### WHAT THE TASK ASKS:
Restate the full listing word for word and leave the pictures out.

### RECORDS:
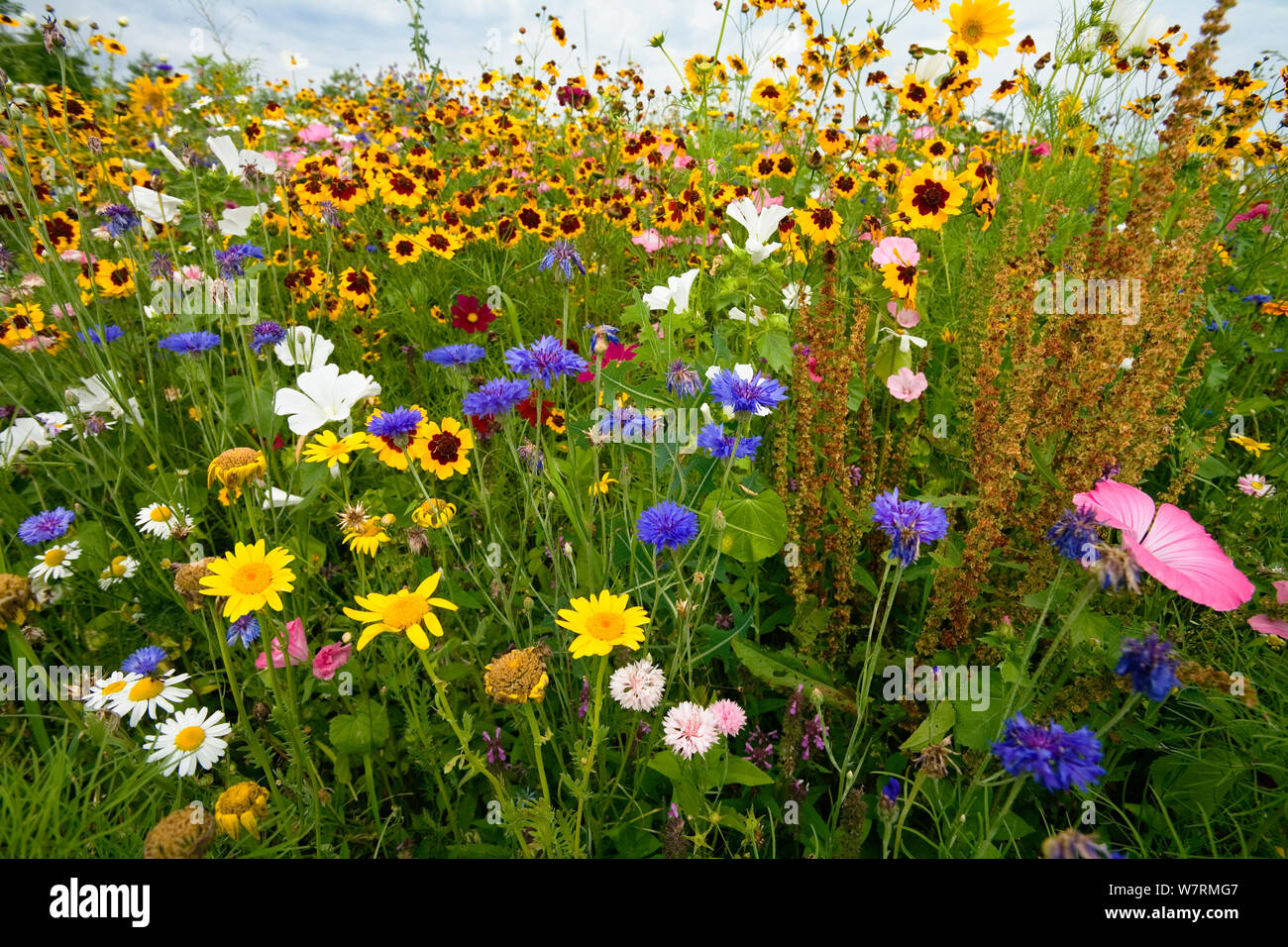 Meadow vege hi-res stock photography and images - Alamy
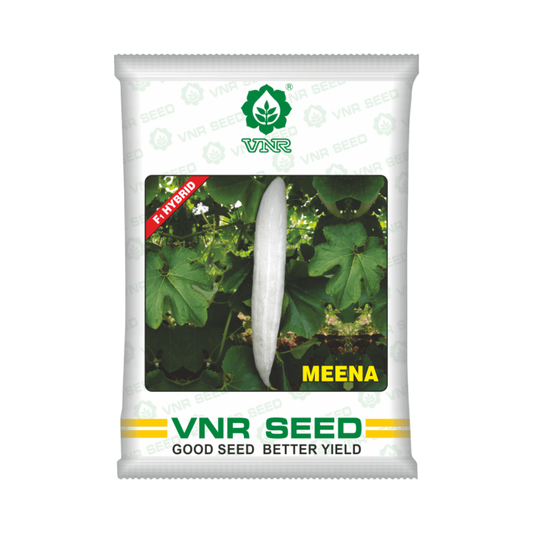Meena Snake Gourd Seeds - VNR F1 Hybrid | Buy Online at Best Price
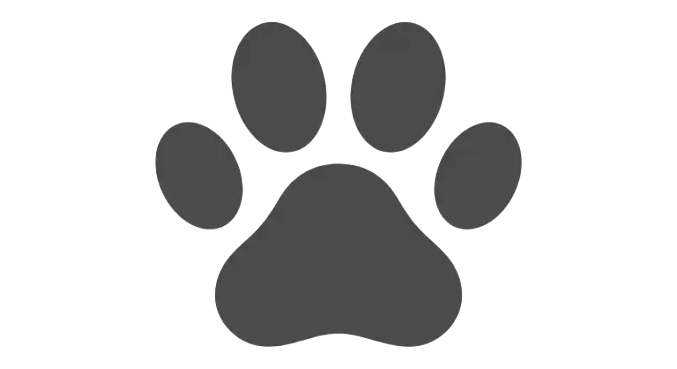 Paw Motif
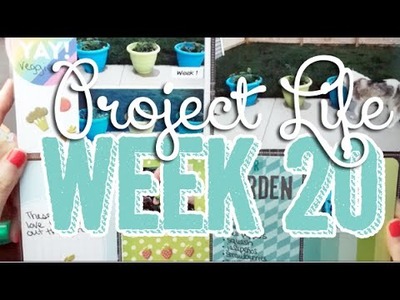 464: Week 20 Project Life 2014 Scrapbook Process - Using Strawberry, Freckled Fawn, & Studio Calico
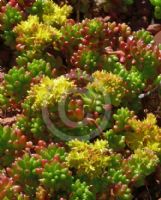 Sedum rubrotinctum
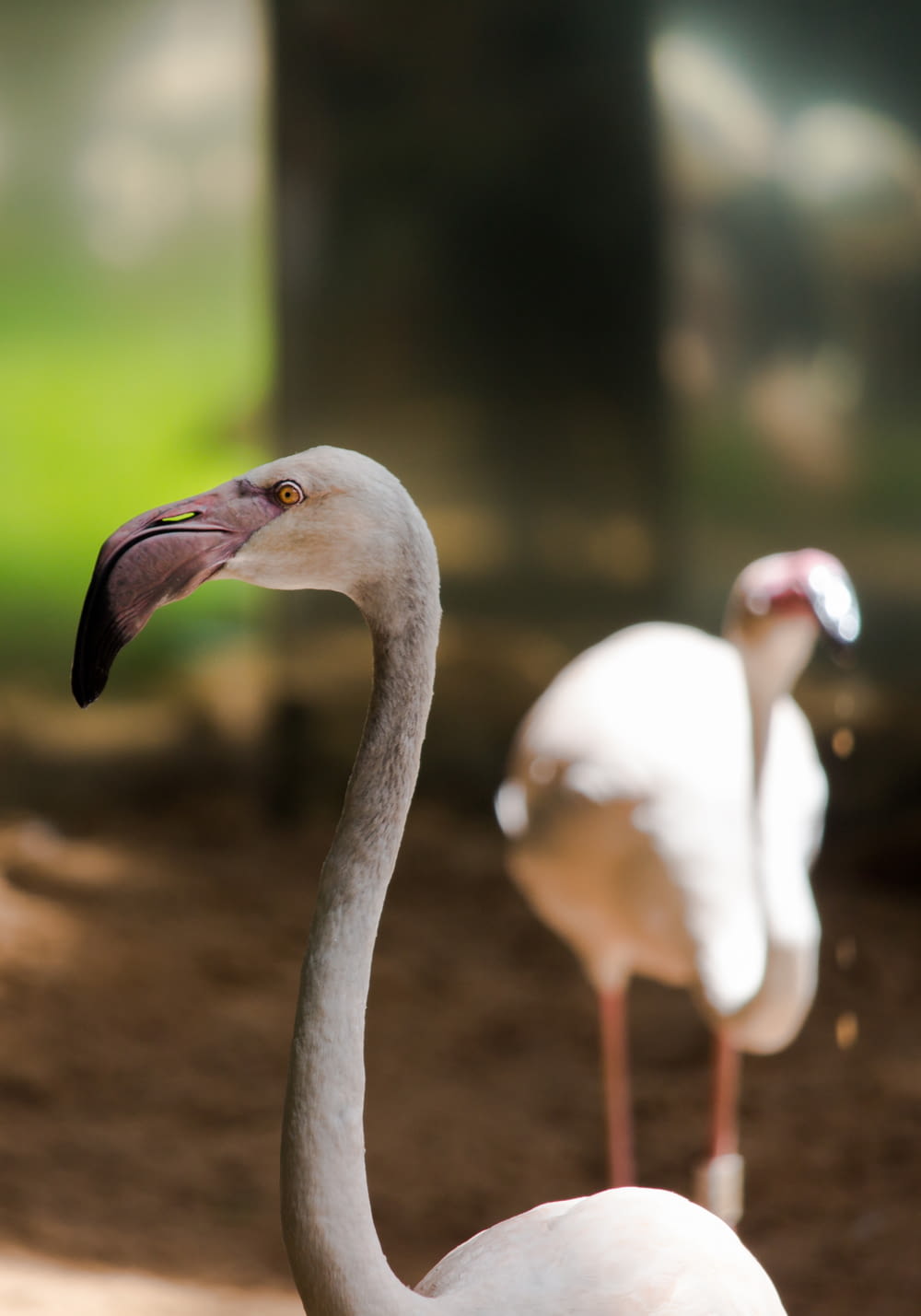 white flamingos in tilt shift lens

### EXERCISE ANSWER:
 Meadow vege hi-res stock photography and images - Alamy
Meena Snake Gourd Seeds - VNR F1 Hybrid | Buy Online at Best Price
 Paw Motif
 464: Week 20 Project Life 2014 Scrapbook Process - Using Strawberry, Freckled Fawn, & Studio Calico
 Sedum rubrotinctum
 white flamingos in tilt shift lens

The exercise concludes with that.